Any South African who has a pension fund, provident fund, retirement annuity, or a preservation fund.

On 1 September 2024, provident fund members who were 55 years or older on 1 March 2021 can choose to:

Contribute to the vested pot (until they retire or leave the fund) or participate in the two-pot system and split all new contributions between savings and retirement pots.

What is the impact of withdrawing funds

Accessing some of your retirement savings at any time prior to retirement may have a far bigger impact than you realise.

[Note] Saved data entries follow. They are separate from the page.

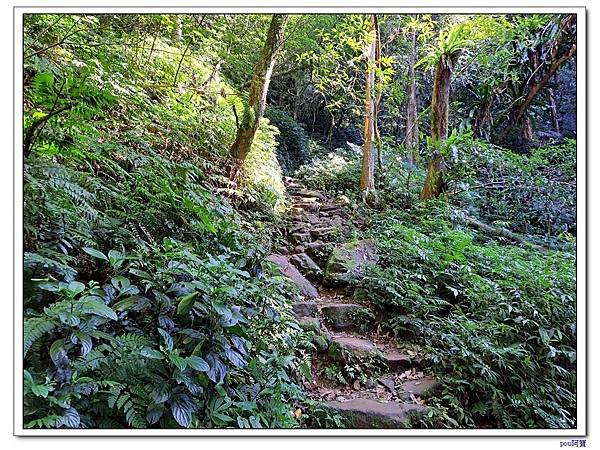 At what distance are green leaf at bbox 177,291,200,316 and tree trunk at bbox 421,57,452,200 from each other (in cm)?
423

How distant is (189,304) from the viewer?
1.43 metres

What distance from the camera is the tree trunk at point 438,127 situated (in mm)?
4945

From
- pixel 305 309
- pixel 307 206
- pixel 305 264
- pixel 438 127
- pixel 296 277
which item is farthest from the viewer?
pixel 307 206

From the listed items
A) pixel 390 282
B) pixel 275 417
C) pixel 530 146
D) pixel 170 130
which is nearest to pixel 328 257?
pixel 390 282

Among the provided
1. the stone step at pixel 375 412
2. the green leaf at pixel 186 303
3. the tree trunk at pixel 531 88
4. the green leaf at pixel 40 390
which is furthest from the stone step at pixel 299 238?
the tree trunk at pixel 531 88

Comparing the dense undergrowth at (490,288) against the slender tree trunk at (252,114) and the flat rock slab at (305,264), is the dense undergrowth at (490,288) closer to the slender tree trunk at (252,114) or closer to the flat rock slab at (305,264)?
the flat rock slab at (305,264)

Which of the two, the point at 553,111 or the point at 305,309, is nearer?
the point at 305,309

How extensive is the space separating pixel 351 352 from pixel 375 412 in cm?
58

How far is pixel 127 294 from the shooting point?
1.49 meters

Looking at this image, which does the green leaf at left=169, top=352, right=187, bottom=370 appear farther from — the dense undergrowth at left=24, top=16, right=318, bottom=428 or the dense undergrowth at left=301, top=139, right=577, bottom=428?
the dense undergrowth at left=301, top=139, right=577, bottom=428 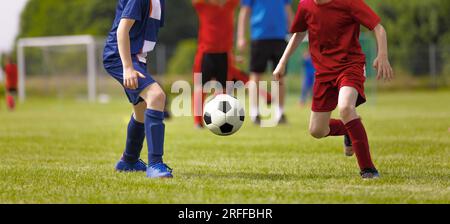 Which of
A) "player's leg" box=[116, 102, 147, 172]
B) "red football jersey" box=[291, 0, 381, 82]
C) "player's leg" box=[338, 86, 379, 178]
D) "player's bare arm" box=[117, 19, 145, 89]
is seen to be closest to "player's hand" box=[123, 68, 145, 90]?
"player's bare arm" box=[117, 19, 145, 89]

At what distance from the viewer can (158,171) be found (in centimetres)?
575

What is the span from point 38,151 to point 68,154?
0.50 meters

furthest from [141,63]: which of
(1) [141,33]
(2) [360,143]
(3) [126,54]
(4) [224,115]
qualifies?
(2) [360,143]

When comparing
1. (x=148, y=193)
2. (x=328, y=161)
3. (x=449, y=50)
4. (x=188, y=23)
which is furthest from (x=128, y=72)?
(x=188, y=23)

If you are young, you may think that you will have plenty of time to save the amount that you have withdrawn, but not preserving that investment will cost you more than you may think as you will miss out on the power of compounding (capability of an investment to generate earnings, not only on the principal amount, by also on the interest earned over time).

It is important to note that "It's not 'use it or lose it' system". You will not "forfeit" the amount in your savings pots if you do not make a withdrawal once a year. Money that is not withdrawn in a year, along with further contributions, will accumulate in the savings pot. Pre-retirement withdrawals from the savings pot may seem essential or inconsequential at the time, but members need to consider the long-term implications. Withdrawals from the savings pot will reduce the cash lump sum available at retirement.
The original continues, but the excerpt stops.